Tutorial: build your first knowledge graph

This 15-minute tutorial turns four small public files into a knowledge graph: two CSVs of US airports and flights, one markdown file with airport notes, and a CSV derived from those notes. The result contains about 3,400 airports, 5,400 flight routes, 5 airlines, and 12 "is a hub for" relations.

Croissant-baker can describe the CSV schemas directly. The markdown file needs an extra step because it contains useful facts but has no schema. We will extract those facts into a CSV, first as a manual task and then with an agent. Both paths produce the same file and use the same mapping.

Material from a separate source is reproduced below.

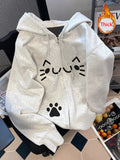 Women Cute Print Hoodies Winter Thick Warm Loose Preppy Style Kawaii Sweatshirts Casual Long Sleeve Female Sweet Zipper Chic Top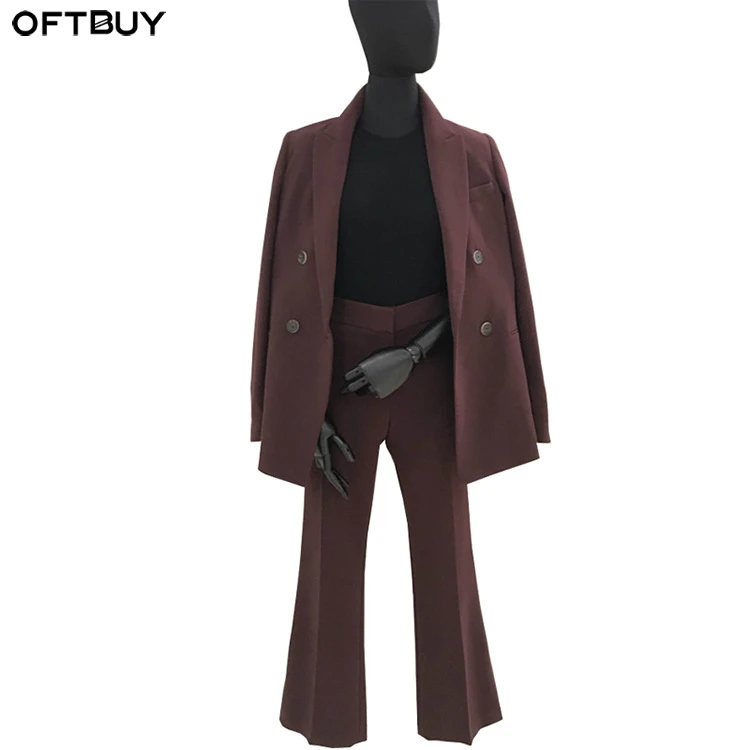 OFTBUY 2019 весна осень девять брючные костюмы для женщин офисные комплекты Блейзер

If you have the biotope plugin installed, jump to the agent shortcut at the end. Invoke /biotope-croissant or ask your agent to help build the graph.

Prerequisites

Recommended path: install the biotope plugin in your coding agent.

To use the CLI directly, install it:

uv add "biotope>=0.8.0"        # if in uv-managed venv
# OR
pipx install "biotope>=0.8.0"  # global installation

You can also use uvx biotope init with no prior install. Below we use uvx for initialisation (from a parent directory) and uv inside the project. Substitute your own package workflow if you prefer.

1. Initialise a project

First run biotope init and choose a project name and purpose. For this tutorial, our name will be airports and our purpose is to "Find which US airports are most connected and which airlines use them as their hubs.". Or, fully CLI-based:

uvx biotope init airports \
  --purpose "Find which US airports are most connected and which airlines use them as their hubs." \
  --no-prompt
cd airports

This creates .biotope/ (manifests + config), data/ (empty; for your files), mappings/ (empty; for the semantic mapping files), and a minimal pyproject.toml. A coding agent picks up the project contract from the biotope plugin skills (biotope-croissant → biocypher → biochatter). A fresh git repo is initialised in the same directory.

Finally, we have to install the venv for our new project:

uv sync

You can check project status at any time using uv run biotope status.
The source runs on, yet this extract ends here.